Xetacom, Inc. (Xetacom), a wholly owned subsidiary of the Company, was
incorporated in February 1989 to provide long distance telephone services to
the lodging industry.  Xetacom's operations have been insignificant to date.

Xeta Reservation Systems, Inc. (XRS), was incorporated in April 1990 to provide
automated reservation services to the leisure industry.  See Note 5 for a
complete discussion of the Company's accounting for its investment in XRS and
the sale of all of its ownership interest in XRS in December 1993.

LEASE ACCOUNTING

A portion of the Company's revenues has been generated using sales-type leases.
The Company has sold systems to end- users under these sales-type leases to be
paid over three-, four- and five-year periods.  Because the present value
(computed at the rate implicit in the lease) of the minimum payments under
these sales-type leases equals or exceeds 90 percent of the fair market value
of the systems and/or the length of the lease exceeds 75 percent of the
estimated economic life of the equipment, the Company recognizes the net effect
of these transactions as a sale as required by generally accepted accounting
principles.

Interest income from a sales-type lease represents that portion of the
aggregate payments to be received over the life of the lease which exceeds the
present value of such payments using a discount factor equal to the rate
implicit in the underlying leases.






                                      F-6
<PAGE>   25
REVENUE RECOGNITION

The Company recognizes revenue from sales-type leases as discussed above under
the caption "Lease Accounting".  Service revenue is recognized monthly over the
life of the related sales-type lease or service agreement on a straight-line
basis.  Revenue from sales and installations of call accounting systems is
generally recognized 75 percent upon shipment of the system with the remaining
25 percent recognized upon installation where the Company is responsible for
installation.  Revenue from sales of PBX systems are generally recognized 100
percent upon installation.  Service and installation costs are expensed as
incurred.

Systems sales include revenues earned under revenue sharing arrangements in
which the Company installs equipment at end- user locations and shares in a
portion of the end-user's phone revenues.  Under these contracts, title to the
equipment remains with the Company.  Termination of the arrangement occurs
either by the purchase of the equipment by the end-user or by either party
exercising its right to cancel the contract.  As the end-user pays the revenue
sharing invoices, credits are earned which may be used to reduce the purchase
price of the equipment.  The Company amortizes its costs under these contracts
proportionately based on the ratio of credit earned to the total purchase price
of the system.

PROPERTY, PLANT AND EQUIPMENT

The Company capitalizes the cost of all significant property, plant and
equipment additions including equipment manufactured by the Company and
installed at customer locations under revenue sharing arrangements and most PBX
service agreements.  Depreciation is computed over the estimated useful life of
the asset or the terms of the lease for leasehold improvements, whichever is
shorter, on a straight-line basis.  When assets are retired or sold, the cost
of the assets and the related accumulated depreciation are removed from the
accounts and any resulting gain or loss is included in income.  Maintenance and
repair costs are expensed as incurred.

RESEARCH AND DEVELOPMENT AND CAPITALIZATION OF SOFTWARE PRODUCTION COSTS

The Company devotes significant resources to the research, development and
production of software to be used in its call accounting and other computer
systems.  The Company capitalizes software production costs related to a
product upon the establishment of technological feasibility as defined by
generally accepted accounting principles.  Amortization is provided on a
product-by-product basis based upon the estimated useful life of the software
(generally three years).  All other research and development costs (including
those related to software for which technological feasibility has not been
established) are expensed as incurred.

INCOME TAXES

Several items of income and expense, including certain sales revenues under
sales-type leases, are included in the financial statements in different years
than they are included in the income tax returns.

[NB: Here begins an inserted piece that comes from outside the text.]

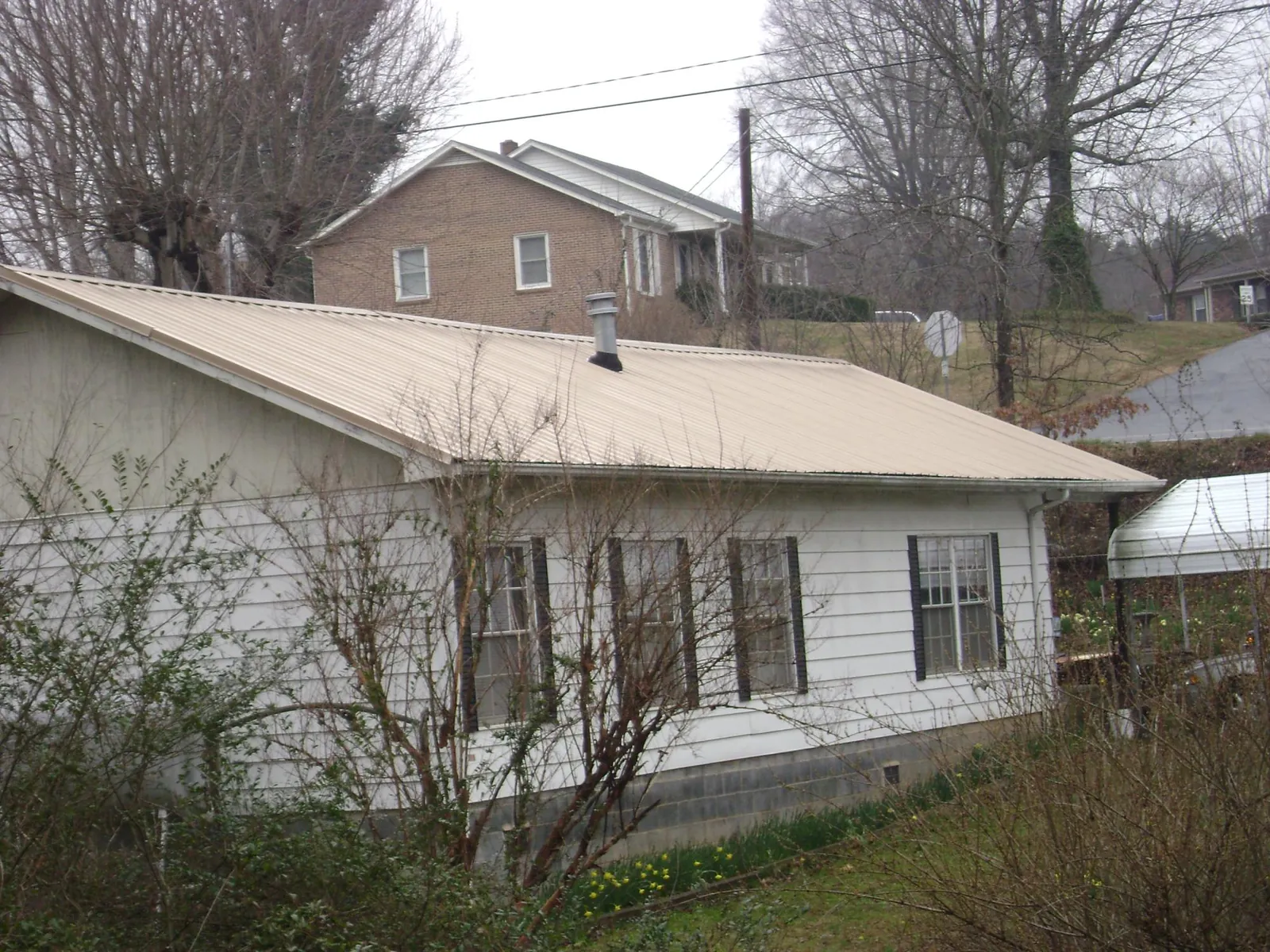 Tan metal roof on a white sided house set into a hillside — Commercial Roofing by Roofing Brothers in Petoskey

                                      F-7
<PAGE>   26
INVENTORIES

Inventories are stated at the lower of cost (first-in, first-out) or market.

WARRANTY AND UNEARNED REVENUE

The Company typically provides a one-year warranty from the date of
installation of its systems.  The Company defers a portion of each system sale
to be recognized as service revenue during the warranty period.  The amount
deferred is generally equal to the sales price of a maintenance contract for
the type of system under warranty and length of the warranty period.

The Company also records deposits received on sales orders, prepayments for
maintenance contracts and sales revenues attributable to systems shipped but
not installed as deferred revenues.

2.  REVOLVING CREDIT AGREEMENT:

In May 1994, the Company's revolving line of credit was increased from $200,000
to $350,000.  The amended loan agreement expires on March 31, 1996.  Advances
under the amended agreement are based on the Company's current receivables and
are limited to $350,000.  Substantially all of the Company's assets are
collateralized under the agreement which also contains provisions which impose
certain restrictions on the Company and requires the Company to meet certain
financial ratios.  At October 31, 1995, the Company was in compliance with the
credit agreement.  No advances have been made under this agreement during 1995.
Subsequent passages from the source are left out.